Q. Does passion play a part? Profit?
A. I looked in the dictionary to understand the meaning of “passion,” and one definition (sixth in the list) used words such as “devotion and enthusiasm for an object or interest.” Those are true for me about working with the horses. The first definitions talk about painful emotion controlled by some external cause; that is not my condition!
I am fully engaged, with the whole of myself, in my life as a farmer and in my working relationships with the horses. It brings happiness into my life I never thought possible for me in this world. I love it. It makes sense to me. I see clearly the good that comes from our efforts. And, yes, I am determined that our efforts sustain us materially. “Profit” is a bit of a loaded word. My vision of lifestyle and livelihood does not begin with specific financial rewards. When I let life pour through me happily in a beneficial and generous direction, abundance showers all around. There is immeasurable profit, or gain, including enough dollars when they’re needed.
One of my farm mentors, Fritz Lonsway, says: “Farming successfully isn’t only about earning money, it’s also about not spending it.”
Economics, as the creative management of all our varied resources to community benefit, is an exciting aspect of farming. We grow stronger and brighter through the application of our ingenuity and resourcefulness, and deeper through thought and care.
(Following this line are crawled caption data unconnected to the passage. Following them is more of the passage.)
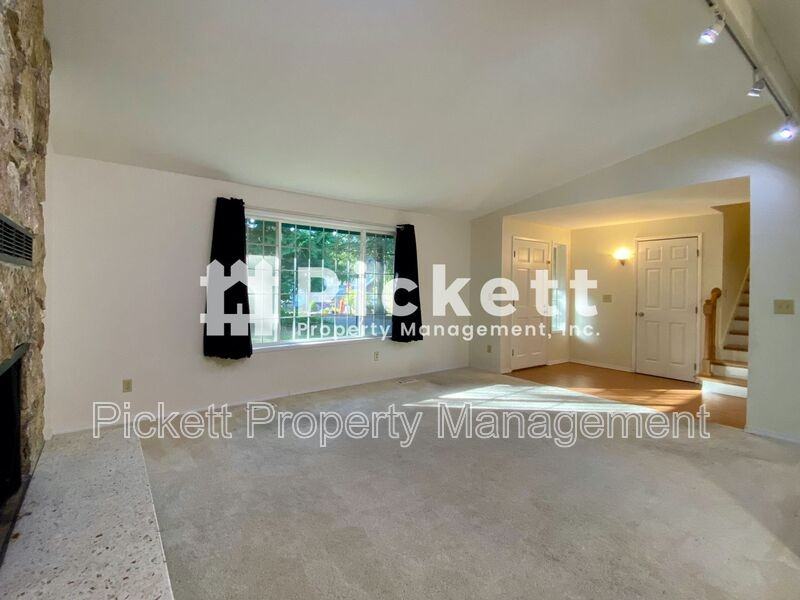 7293 Pheasant Cir Ne - Photo 4 of 25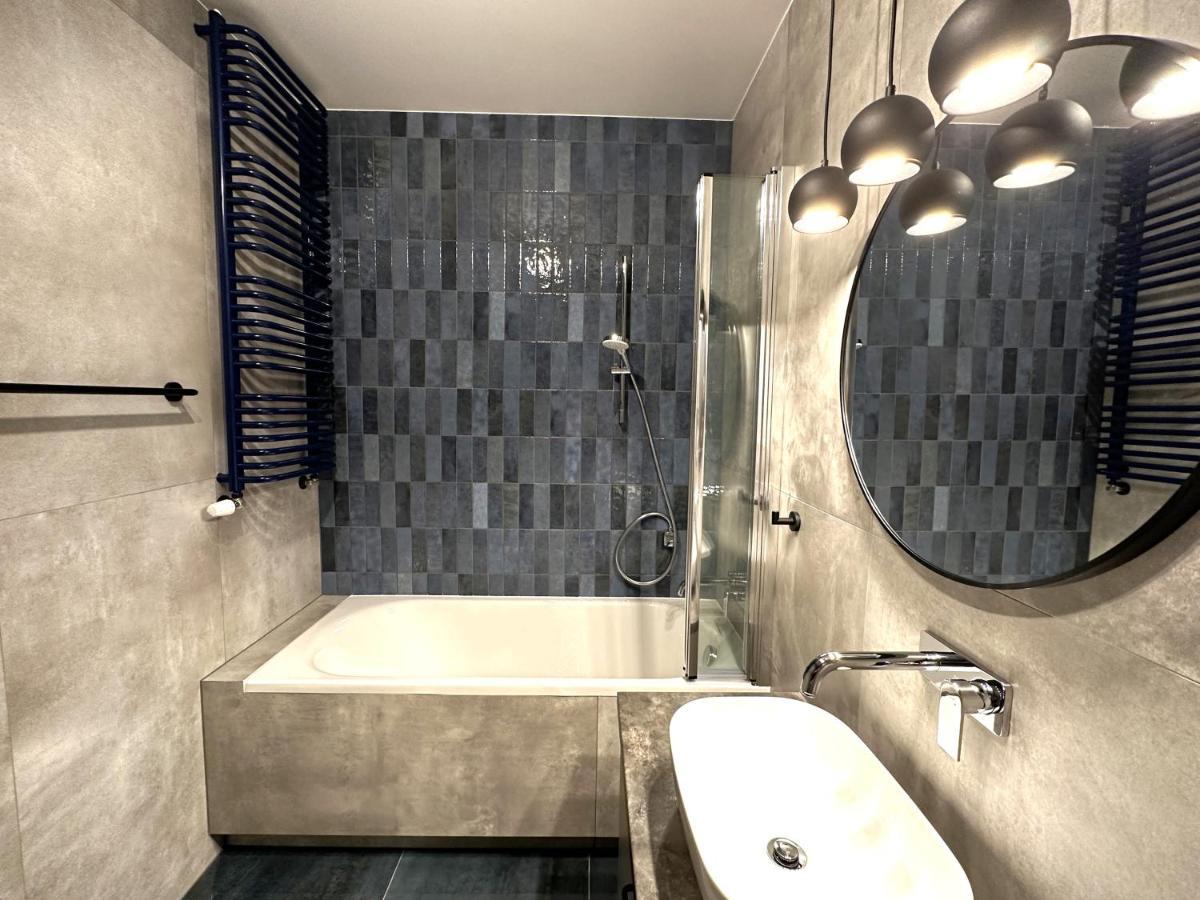 Apartament Lotnisko Chopina Warsaw Airport エクステリア 写真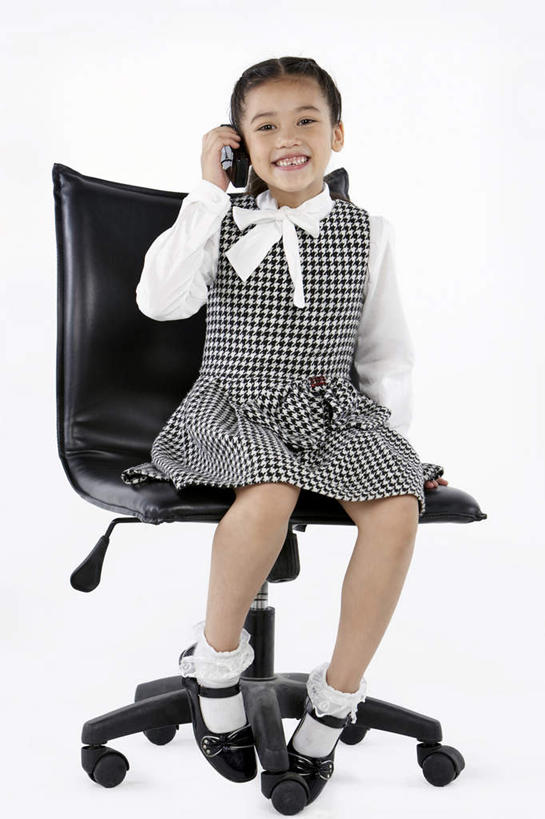 儿童,脸,头,脸颊,一个人,女儿,站,坐,微笑,竖图,留白,正面,仰视,裙子,通讯,纯洁,智慧,运气,成功,合作,信心,技术,椅子,北京,中国,亚洲,仅一个女性,仅一个人,表演,听,领巾,现代,刺激,肩膀,小孩,白色,仅一个小孩,放松,可爱,乐趣,童年,童趣,想,财富,金融,理财,投资,摄影,生长,经济,创造力,专心,酷,享乐,挑选,解释,成就,运送,交易所,肖像,选择,贸易,童真,烂漫,无邪,发展,搜寻,天真,女孩,女人,女性,中国人,孩子,头部,脸部,脸蛋,面部,设计,触摸,半身,彩图,低角度拍摄,顾问,女生,精力,金融投资顾问,摆拍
Q. Were there impediments due to gender?
A. The obvious initial answer is: yes, of course, all along.
But specifically with respect to farming? With respect to working the horses?
Let’s start where it’s easy… I don’t experience any physical impediments due to gender. I’m not a large person (5’5”, 135#) but I’m plenty stout, and through a lifetime of production labor and athletic endeavors I’ve learned how to work my own body to best advantage. Besides, the horses are a whole lot stronger than even the hurkiest male, so for anyone, there has to be an application of creative intelligence in order to overcome the physical challenges of the work.
Social obstacles due to gender:
- Conventional expectations.
- Ignorant assumptions.
- All-male environments; relational conditioning.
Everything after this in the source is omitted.